The group backed out of the deal, started their own label, Zef Recordz, and went on to release two more albums. They’ve since seized every opportunity to raise a middle finger to the mainstream, in the process cultivating — and perhaps caricaturing — a persona of petulance. Offered the opportunity to open for Gaga, they responded with a video sendup of the singer (an impersonator gives birth to a cockroach, then gets mauled by a lion). They responded to an invite to Kanye West’s house by trash-talking him in a video they made in a bathroom. At their Austin City Limits performance in early October, Ninja dropped his pants and mooned the crowd. (...)

Die Antwoord’s founding D.J., known as God (formerly Hi-Tek), began sharing D.J. duties with Muggs, and they pushed each other. “There’s a Zulu saying that goes, ‘Spear sharpens spear,’” says Ninja. “The competition was ill.”

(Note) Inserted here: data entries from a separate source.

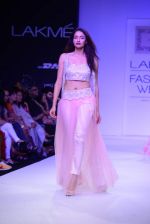 Model walk the ramp for Shehla Khan show at LFW 2013 Day 2 in Grand Haytt, Mumbai on 24th Aug 2013 (73).JPG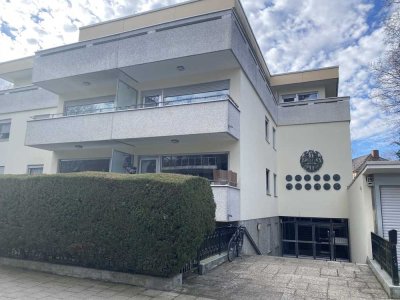 Lichtdurchflutete 2-Zimmer Wohnung mit Einbauküche im ruhigen München-Solln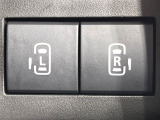 【両側パワースライドドア】スマートキーや運転席のスイッチで後席両側スライドドアの開閉が可能♪電動だから力を入れてドアを開ける必要が無く、小さなお子様でも簡単に開け閉めでき快適です♪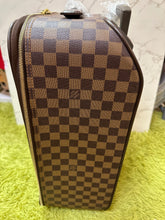 Load image into Gallery viewer, LOUIS VUITTON Damier Ebene Pegase 45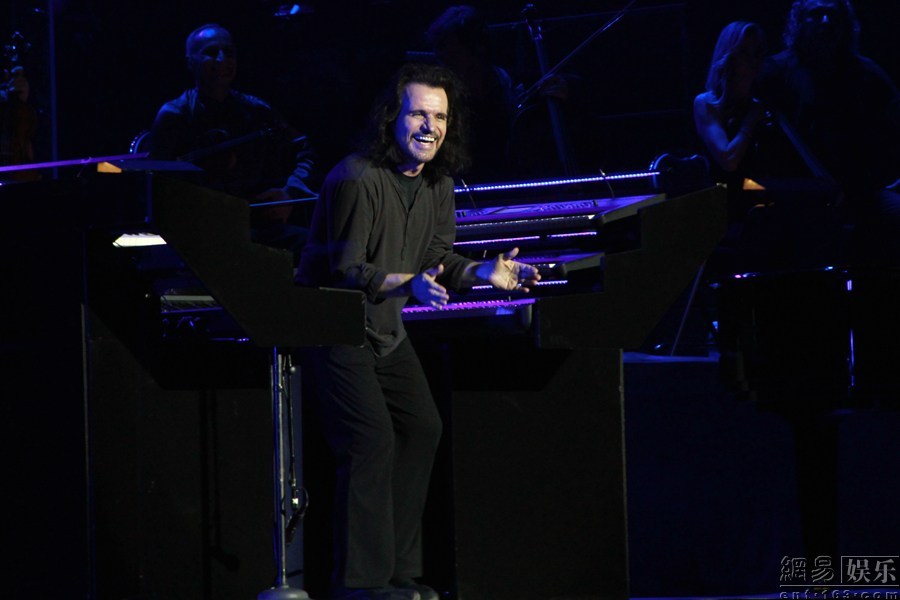 雅尼最新音樂專輯，音樂之家的溫馨日常之旅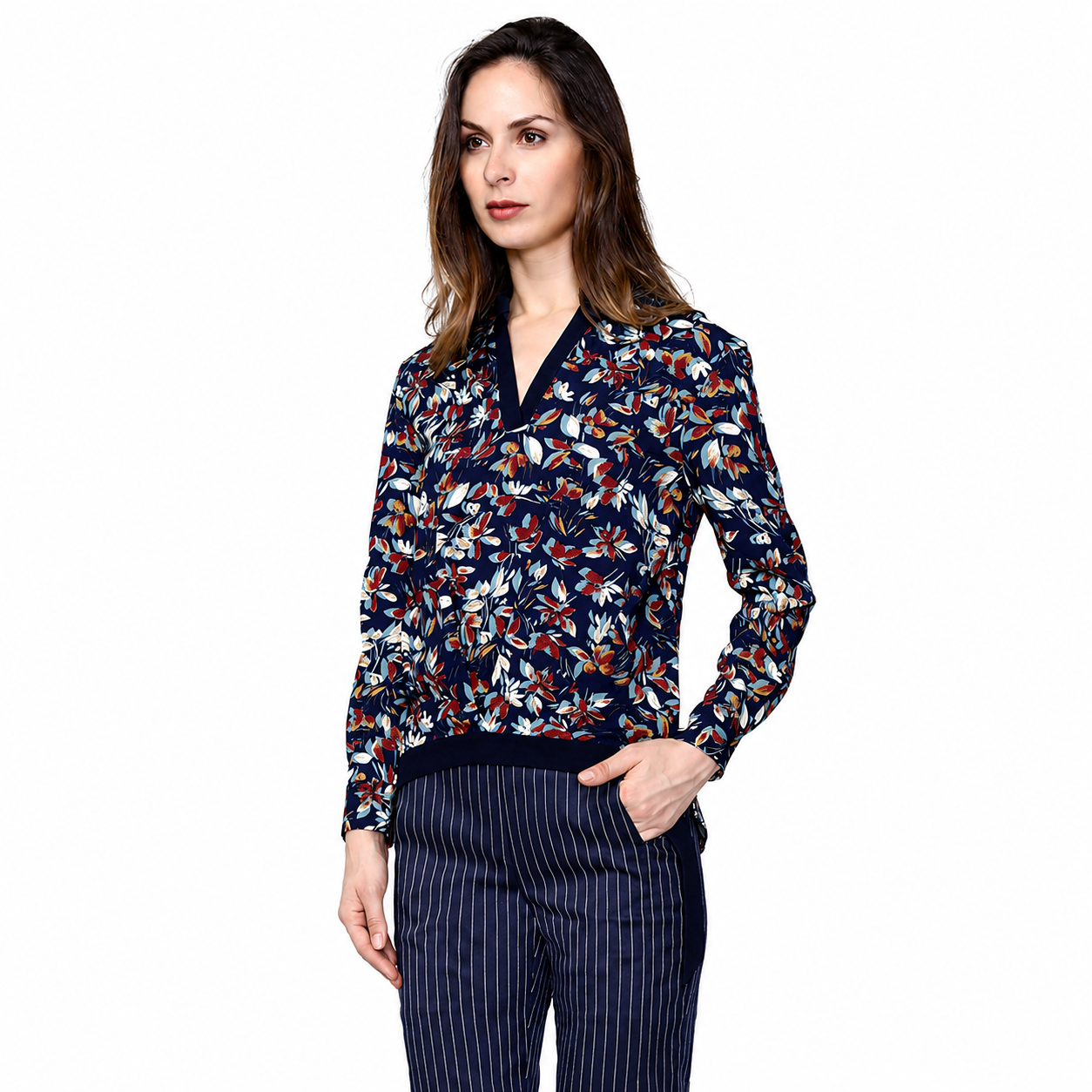 Blusa de satén con escote en pico y estampado de hojas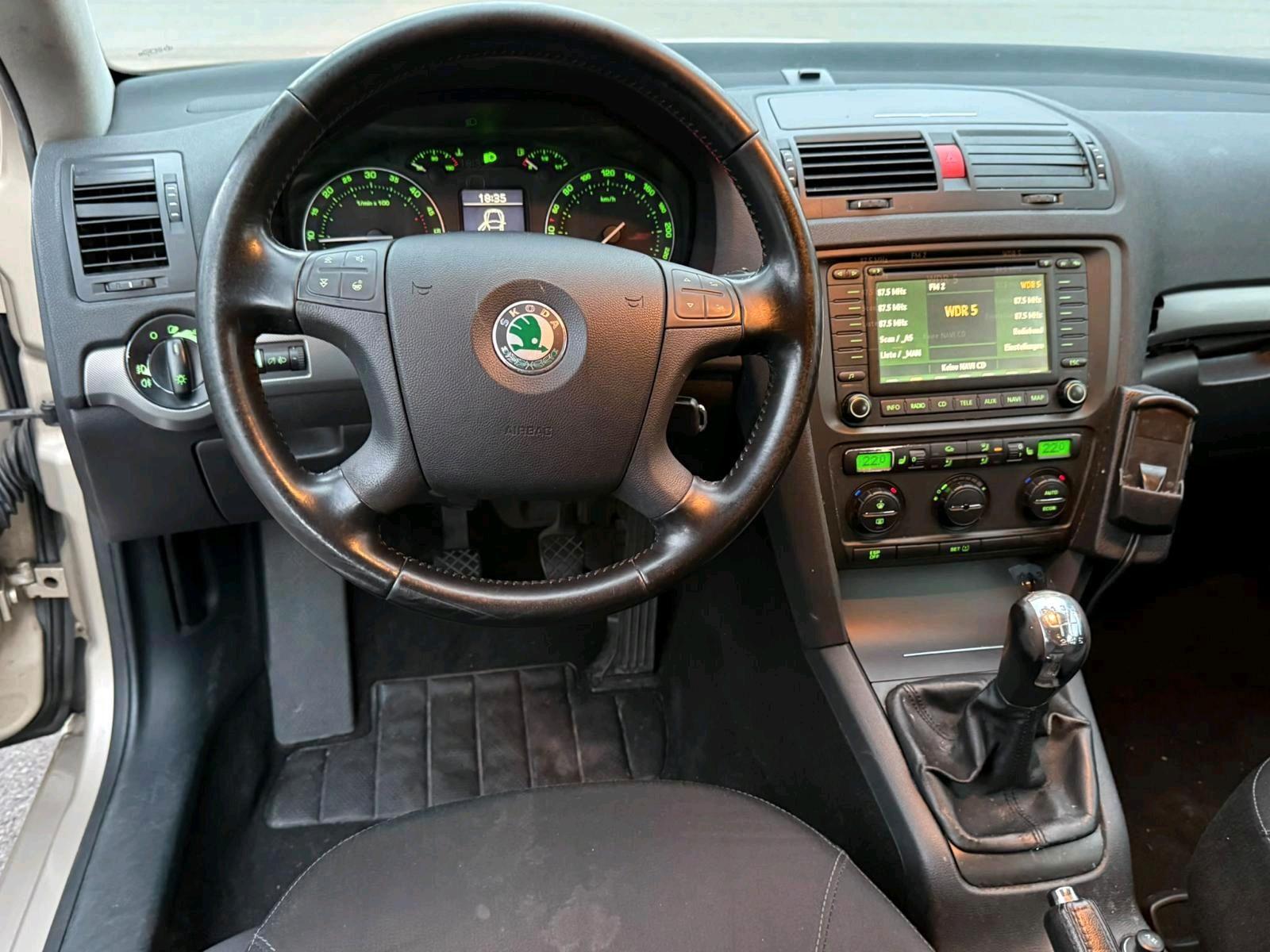 Skoda Octavia 2006 — фото 15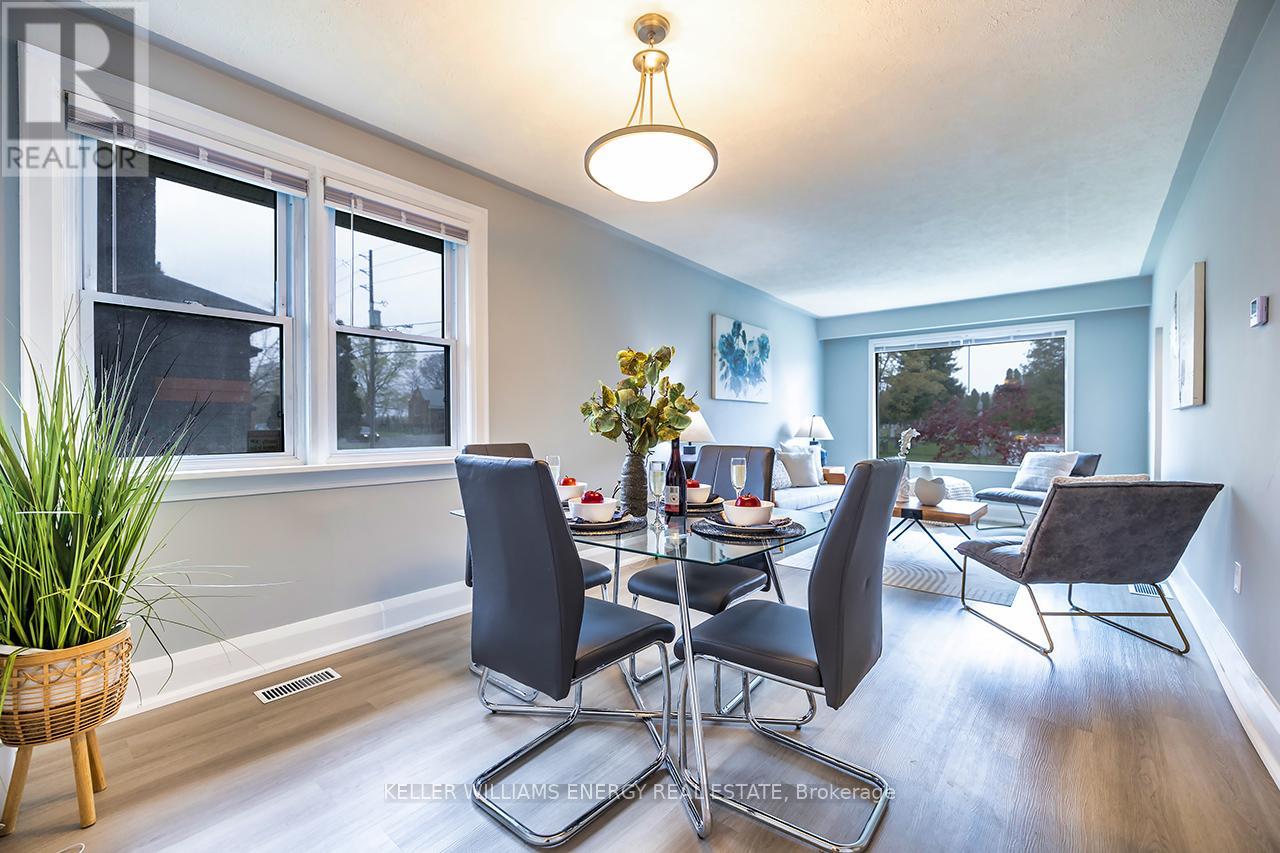 739 KING STREET W - 14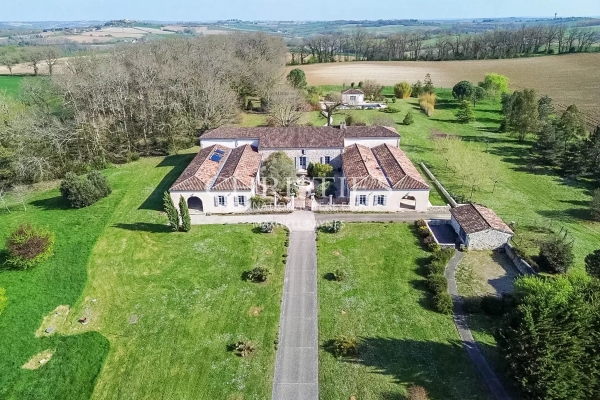Maison de luxe à vendre à Agen, 2 200 000 €, Photo 1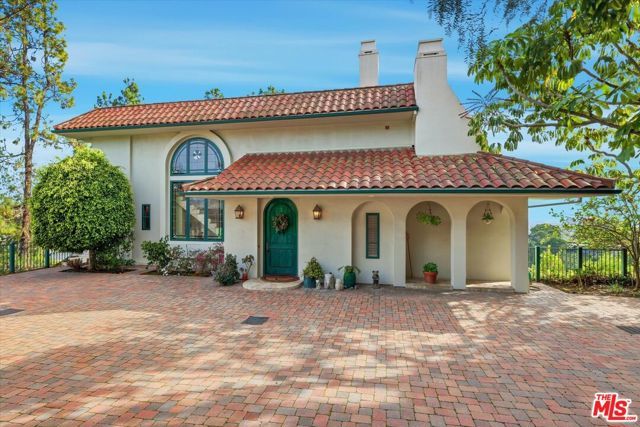 1284 Lago Vista Drive, Beverly Hills, CA 90210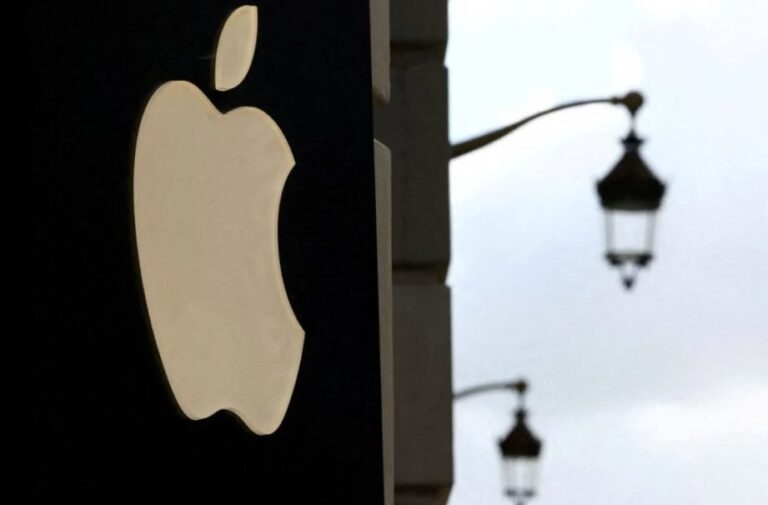 Apple anuncia investimento de US$ 500 bi nos EUA e expansão de sua produção de IA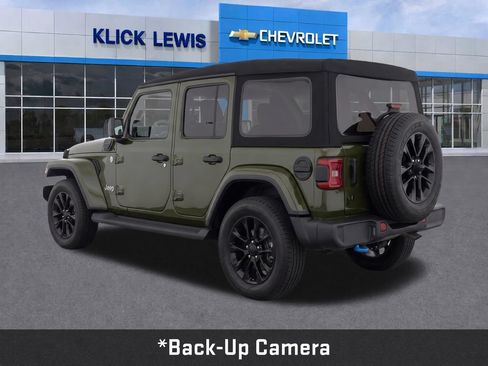 Used 2023 Jeep Wrangler Unlimited Sahara w/ Cold Weather Group AWD/4WD image 5
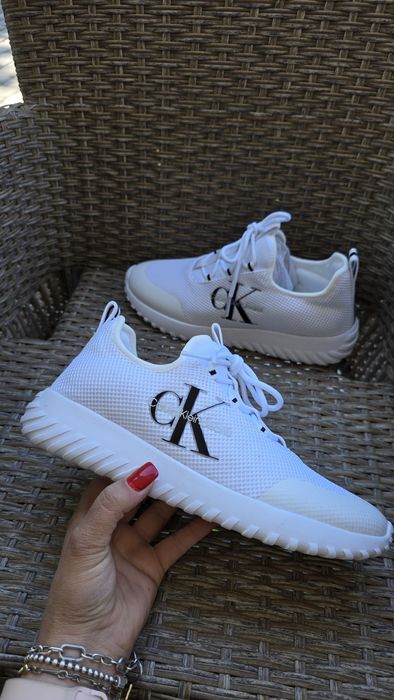 жіночі кросівки на кожен день від Calvin Klein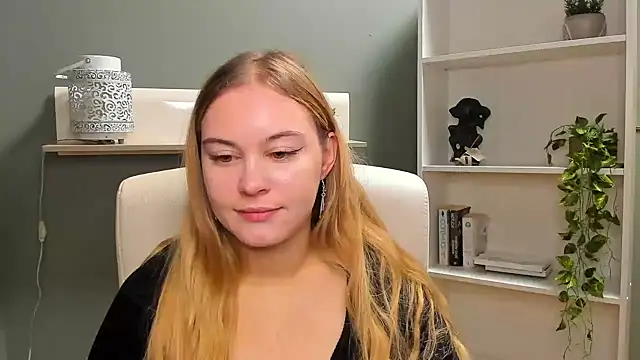 kitty valeria online show from 12.21.24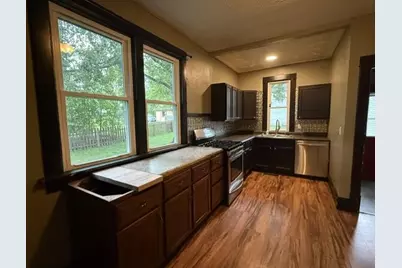 829 Prospect Avenue, Windom, MN 56101 - Photo 7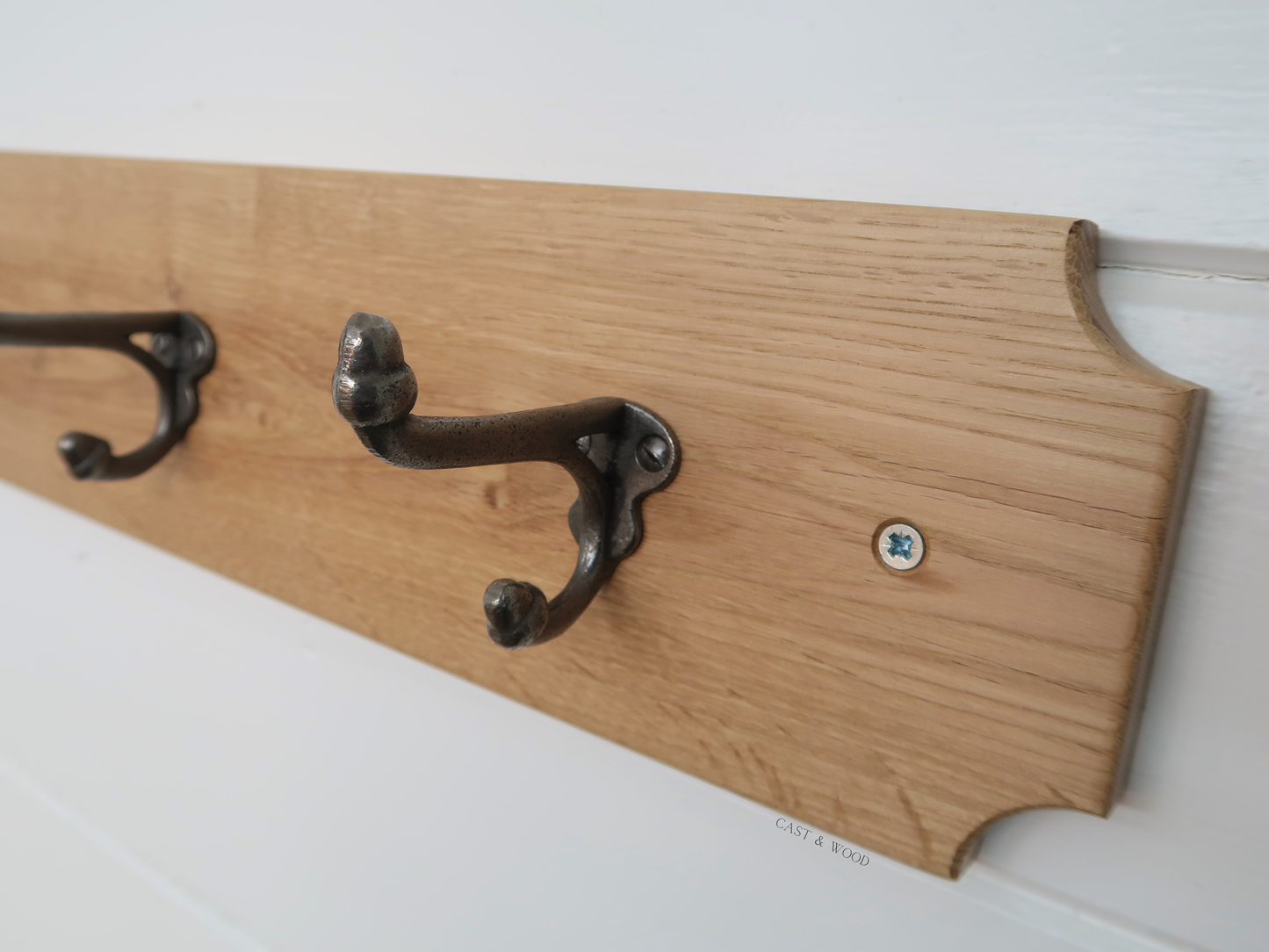 Solid Oak Coat Rack with 4no x Acorn Hooks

You could say the same about the garrulous Ninja and the reticent Visser. Their intensely codependent dynamic has long baffled observers, leading some to wonder if their behavior is an elaborate form of performance art. “When we laid down our verses on this album, Yolandi burned me nearly every single time,” Ninja says. “I remember thinking, ‘How can I compete?’ I’m in love with the cut of her voice. It’s just the most delicious frequency.” Hearing this, Visser pulls her knees up under her tank-top hoodie, then pulls the hood over her head and cinches it tight.